### [Problem details]
Each line of the listing needs to be given again exactly.

### [Data records]
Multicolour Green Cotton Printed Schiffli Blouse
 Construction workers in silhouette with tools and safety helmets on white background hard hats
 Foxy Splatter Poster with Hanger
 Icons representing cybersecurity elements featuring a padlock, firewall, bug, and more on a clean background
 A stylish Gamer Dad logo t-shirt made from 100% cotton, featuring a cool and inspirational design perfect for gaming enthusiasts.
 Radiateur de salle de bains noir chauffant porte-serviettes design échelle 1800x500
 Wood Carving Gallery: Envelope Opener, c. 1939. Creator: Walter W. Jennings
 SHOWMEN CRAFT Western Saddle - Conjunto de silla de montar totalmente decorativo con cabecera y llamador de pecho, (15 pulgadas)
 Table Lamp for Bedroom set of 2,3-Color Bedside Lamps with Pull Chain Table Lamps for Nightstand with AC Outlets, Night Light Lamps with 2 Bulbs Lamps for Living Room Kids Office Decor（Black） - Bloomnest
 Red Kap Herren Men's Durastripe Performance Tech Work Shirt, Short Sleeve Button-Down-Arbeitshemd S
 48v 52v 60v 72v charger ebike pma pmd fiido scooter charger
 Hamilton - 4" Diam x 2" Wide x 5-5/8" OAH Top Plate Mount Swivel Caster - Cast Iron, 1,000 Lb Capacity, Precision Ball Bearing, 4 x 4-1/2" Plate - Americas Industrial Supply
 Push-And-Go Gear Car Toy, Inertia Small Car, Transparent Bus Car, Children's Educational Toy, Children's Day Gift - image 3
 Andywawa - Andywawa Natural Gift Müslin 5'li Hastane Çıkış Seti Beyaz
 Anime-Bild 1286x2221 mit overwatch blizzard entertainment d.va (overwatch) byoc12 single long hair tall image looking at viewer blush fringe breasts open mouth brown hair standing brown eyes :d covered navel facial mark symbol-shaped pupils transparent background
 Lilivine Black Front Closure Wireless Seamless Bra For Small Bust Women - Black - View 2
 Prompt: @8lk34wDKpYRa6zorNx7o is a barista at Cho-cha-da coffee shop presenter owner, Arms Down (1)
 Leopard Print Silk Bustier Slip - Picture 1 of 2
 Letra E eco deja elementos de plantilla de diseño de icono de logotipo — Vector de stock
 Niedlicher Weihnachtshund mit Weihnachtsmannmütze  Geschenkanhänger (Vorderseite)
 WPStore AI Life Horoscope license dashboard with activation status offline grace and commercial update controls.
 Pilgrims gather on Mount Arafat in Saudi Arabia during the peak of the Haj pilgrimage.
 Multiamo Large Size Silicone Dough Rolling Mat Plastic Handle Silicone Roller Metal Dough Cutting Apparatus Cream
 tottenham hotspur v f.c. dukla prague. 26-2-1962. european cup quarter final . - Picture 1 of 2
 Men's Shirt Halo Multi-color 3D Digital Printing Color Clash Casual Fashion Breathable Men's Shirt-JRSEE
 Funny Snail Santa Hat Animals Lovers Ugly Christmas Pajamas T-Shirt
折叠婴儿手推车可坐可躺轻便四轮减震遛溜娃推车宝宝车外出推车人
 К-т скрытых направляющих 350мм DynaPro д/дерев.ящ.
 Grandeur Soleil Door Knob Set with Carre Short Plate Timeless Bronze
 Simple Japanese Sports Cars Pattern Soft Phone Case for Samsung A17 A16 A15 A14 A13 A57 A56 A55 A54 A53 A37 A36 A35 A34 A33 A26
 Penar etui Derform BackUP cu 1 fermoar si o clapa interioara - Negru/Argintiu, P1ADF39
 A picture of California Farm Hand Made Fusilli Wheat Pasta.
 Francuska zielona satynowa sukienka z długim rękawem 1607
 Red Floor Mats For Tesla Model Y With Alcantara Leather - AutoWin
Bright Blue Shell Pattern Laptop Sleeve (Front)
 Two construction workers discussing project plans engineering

### [Result below]
Multicolour Green Cotton Printed Schiffli Blouse
 Construction workers in silhouette with tools and safety helmets on white background hard hats
 Foxy Splatter Poster with Hanger
 Icons representing cybersecurity elements featuring a padlock, firewall, bug, and more on a clean background
 A stylish Gamer Dad logo t-shirt made from 100% cotton, featuring a cool and inspirational design perfect for gaming enthusiasts.
 Radiateur de salle de bains noir chauffant porte-serviettes design échelle 1800x500
 Wood Carving Gallery: Envelope Opener, c. 1939. Creator: Walter W. Jennings
 SHOWMEN CRAFT Western Saddle - Conjunto de silla de montar totalmente decorativo con cabecera y llamador de pecho, (15 pulgadas)
 Table Lamp for Bedroom set of 2,3-Color Bedside Lamps with Pull Chain Table Lamps for Nightstand with AC Outlets, Night Light Lamps with 2 Bulbs Lamps for Living Room Kids Office Decor（Black） - Bloomnest
 Red Kap Herren Men's Durastripe Performance Tech Work Shirt, Short Sleeve Button-Down-Arbeitshemd S
 48v 52v 60v 72v charger ebike pma pmd fiido scooter charger
 Hamilton - 4" Diam x 2" Wide x 5-5/8" OAH Top Plate Mount Swivel Caster - Cast Iron, 1,000 Lb Capacity, Precision Ball Bearing, 4 x 4-1/2" Plate - Americas Industrial Supply
 Push-And-Go Gear Car Toy, Inertia Small Car, Transparent Bus Car, Children's Educational Toy, Children's Day Gift - image 3
 Andywawa - Andywawa Natural Gift Müslin 5'li Hastane Çıkış Seti Beyaz
 Anime-Bild 1286x2221 mit overwatch blizzard entertainment d.va (overwatch) byoc12 single long hair tall image looking at viewer blush fringe breasts open mouth brown hair standing brown eyes :d covered navel facial mark symbol-shaped pupils transparent background
 Lilivine Black Front Closure Wireless Seamless Bra For Small Bust Women - Black - View 2
 Prompt: @8lk34wDKpYRa6zorNx7o is a barista at Cho-cha-da coffee shop presenter owner, Arms Down (1)
 Leopard Print Silk Bustier Slip - Picture 1 of 2
 Letra E eco deja elementos de plantilla de diseño de icono de logotipo — Vector de stock
 Niedlicher Weihnachtshund mit Weihnachtsmannmütze  Geschenkanhänger (Vorderseite)
 WPStore AI Life Horoscope license dashboard with activation status offline grace and commercial update controls.
 Pilgrims gather on Mount Arafat in Saudi Arabia during the peak of the Haj pilgrimage.
 Multiamo Large Size Silicone Dough Rolling Mat Plastic Handle Silicone Roller Metal Dough Cutting Apparatus Cream
 tottenham hotspur v f.c. dukla prague. 26-2-1962. european cup quarter final . - Picture 1 of 2
 Men's Shirt Halo Multi-color 3D Digital Printing Color Clash Casual Fashion Breathable Men's Shirt-JRSEE
 Funny Snail Santa Hat Animals Lovers Ugly Christmas Pajamas T-Shirt
折叠婴儿手推车可坐可躺轻便四轮减震遛溜娃推车宝宝车外出推车人
 К-т скрытых направляющих 350мм DynaPro д/дерев.ящ.
 Grandeur Soleil Door Knob Set with Carre Short Plate Timeless Bronze
 Simple Japanese Sports Cars Pattern Soft Phone Case for Samsung A17 A16 A15 A14 A13 A57 A56 A55 A54 A53 A37 A36 A35 A34 A33 A26
 Penar etui Derform BackUP cu 1 fermoar si o clapa interioara - Negru/Argintiu, P1ADF39
 A picture of California Farm Hand Made Fusilli Wheat Pasta.
 Francuska zielona satynowa sukienka z długim rękawem 1607
 Red Floor Mats For Tesla Model Y With Alcantara Leather - AutoWin
Bright Blue Shell Pattern Laptop Sleeve (Front)
 Two construction workers discussing project plans engineering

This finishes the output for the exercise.